Task to carry out -> Return, word for word, every entry in the listing below, but not its images.

Listed records ->
- Opening Delimiter -

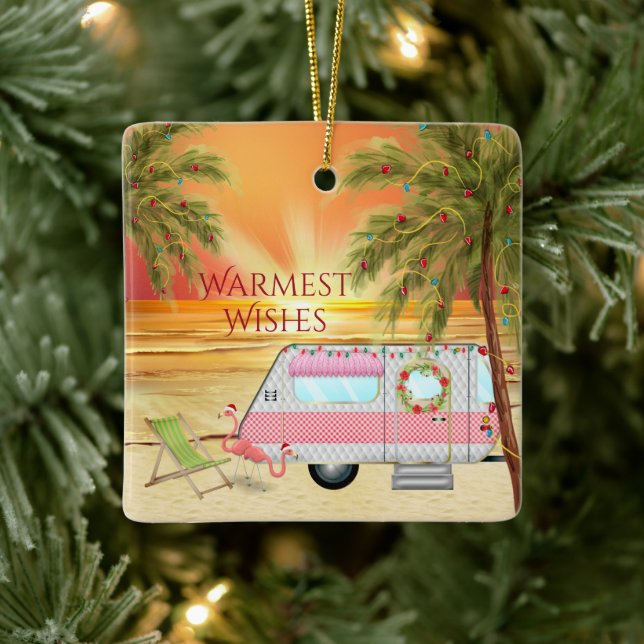 Personalisierter RV Camper Weihnachten Keramikornament (Baum)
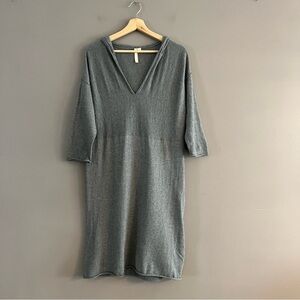 PureJill J. Jill Gray M Cotton Cashmere V Neck Sweater Dress Hoodie Pullover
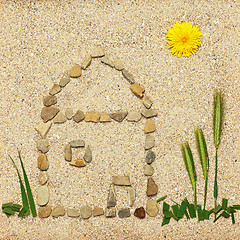 Image showing Stone house illustration in sand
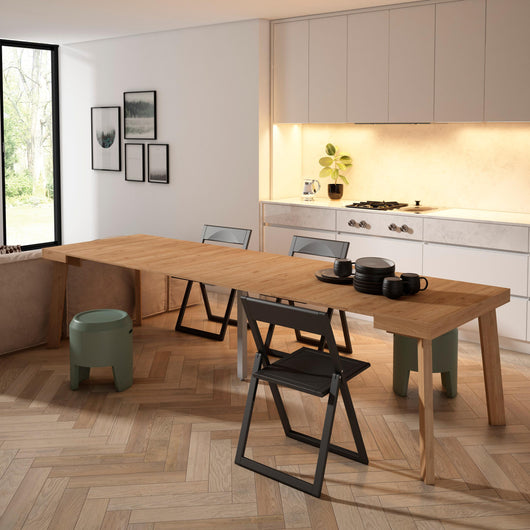 Consolle allungabile, 302x90x73cm, Per 14 persone, Gambe in legno, colore Rovere RF3098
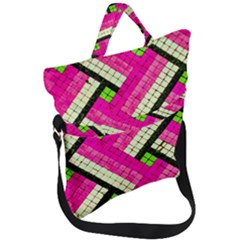 Pop Art Mosaic Fold Over Handle Tote Bag by essentialimage365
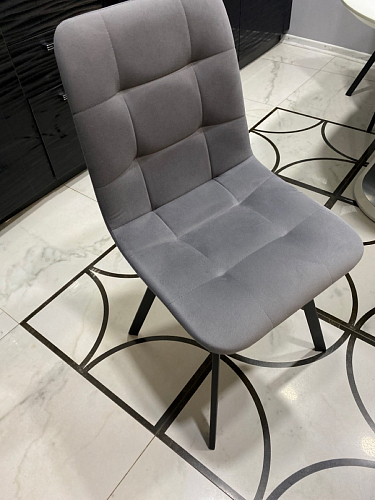 Стул на металлокаркасе Чилли К светло-серый велюр / черный каркас фото покупателя 40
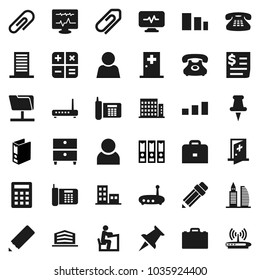Flat vector icon set - pencil vector, student, case, archive, binder, phone, receipt, sorting, classic, thumbtack, diagnostic monitor, medical room, network folder, router, attachment, user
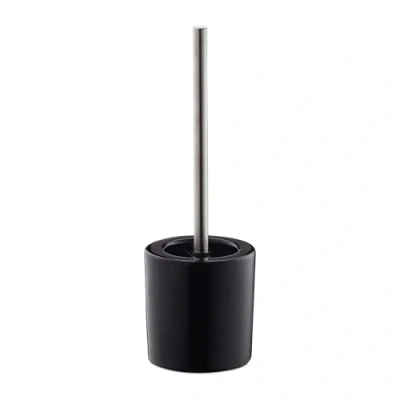 Immagine di Relaxdays Set di Scopino e Portascopino in Ceramica, per Bagno WC, Testa Sostituibile, H x D 38,5 12,5 cm, Nero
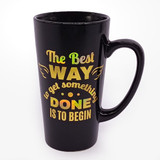 Black Ceramic Mug with Printed Motivational Quote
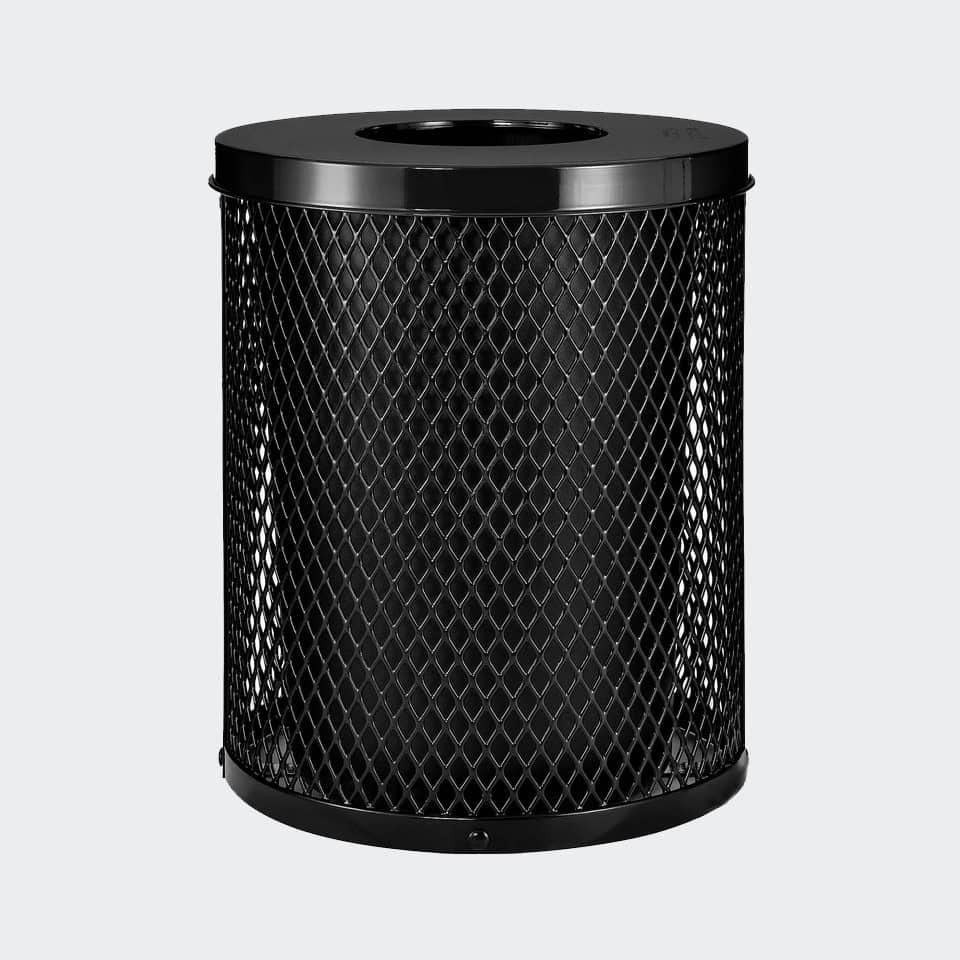 Commercial 55 Gallon Diamond Steel Trash Can With Flat Lid, Liner & Base - Outdoor - Image 6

- Closing Delimiter -

Problem solution ->
 Personalisierter RV Camper Weihnachten Keramikornament (Baum)
 PureJill J. Jill Gray M Cotton Cashmere V Neck Sweater Dress Hoodie Pullover
 Image showing Stone house illustration in sand
 Consolle allungabile, 302x90x73cm, Per 14 persone, Gambe in legno, colore Rovere RF3098
 Pop Art Mosaic Fold Over Handle Tote Bag by essentialimage365
 Стул на металлокаркасе Чилли К светло-серый велюр / черный каркас фото покупателя 40
Flat vector icon set - pencil vector, student, case, archive, binder, phone, receipt, sorting, classic, thumbtack, diagnostic monitor, medical room, network folder, router, attachment, user
 Immagine di Relaxdays Set di Scopino e Portascopino in Ceramica, per Bagno WC, Testa Sostituibile, H x D 38,5 12,5 cm, Nero
 Black Ceramic Mug with Printed Motivational Quote
 Commercial 55 Gallon Diamond Steel Trash Can With Flat Lid, Liner & Base - Outdoor - Image 6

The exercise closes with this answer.